Multi-Class Classification
accuracy_score works perfectly for multi-class problems as well. It still just calculates the total number of correct predictions over the total number of predictions.
from sklearn.metrics import accuracy_score
y_true = ['cat', 'dog', 'bird', 'cat', 'dog']
y_pred = ['cat', 'dog', 'cat', 'cat', 'dog']
accuracy = accuracy_score(y_true, y_pred)
print(f"Accuracy: {accuracy:.2f}")
# Output: Accuracy: 0.80 (4 out of 5 are correct)
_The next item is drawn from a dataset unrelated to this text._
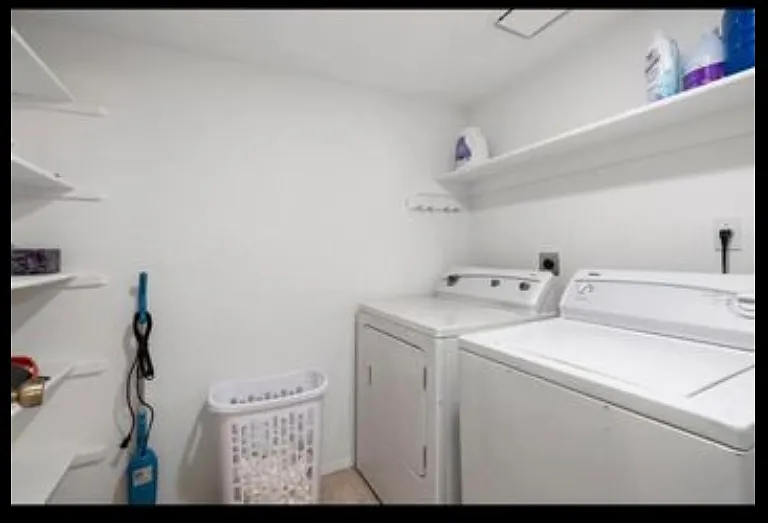 3721 W Waltann Ln — Photo 13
Parameters of accuracy_score
The function has a few useful parameters:
-
y_true: 1D array-like. The ground truth (correct) labels. -
y_pred: 1D array-like. The predicted labels returned by the classifier. -
normalize(Default:True):- If
True(default), returns the fraction of correct predictions (a float between 0.0 and 1.0). - If
False, returns the number of correct predictions (an integer).y_true = [1, 0, 1, 1, 0] y_pred = [1, 0, 1, 0, 0]
print(accuracy_score(y_true, y_pred, normalize=True)) # Output: 0.8 print(accuracy_score(y_true, y_pred, normalize=False)) # Output: 4
- If
-
sample_weight: 1D array-like. Weights for each sample. This allows you to give more importance to certain predictions when calculating the score.
When to Use accuracy_score
- Your classes are balanced: When each class has a similar number of samples.
- You need a simple, intuitive metric: It's the easiest way to explain model performance to a non-technical audience.
- All types of errors are equally important: When misclassifying a "cat" as a "dog" is just as bad as misclassifying a "dog" as a "cat".
When to Avoid accuracy_score
- Your classes are imbalanced: As shown in the medical example, it can be very deceptive.
- The cost of false positives and false negatives is different: For example, in spam detection, a false positive (marking a real email as spam) is usually much worse than a false negative (letting a spam email into the inbox). Here, Precision and Recall are more appropriate.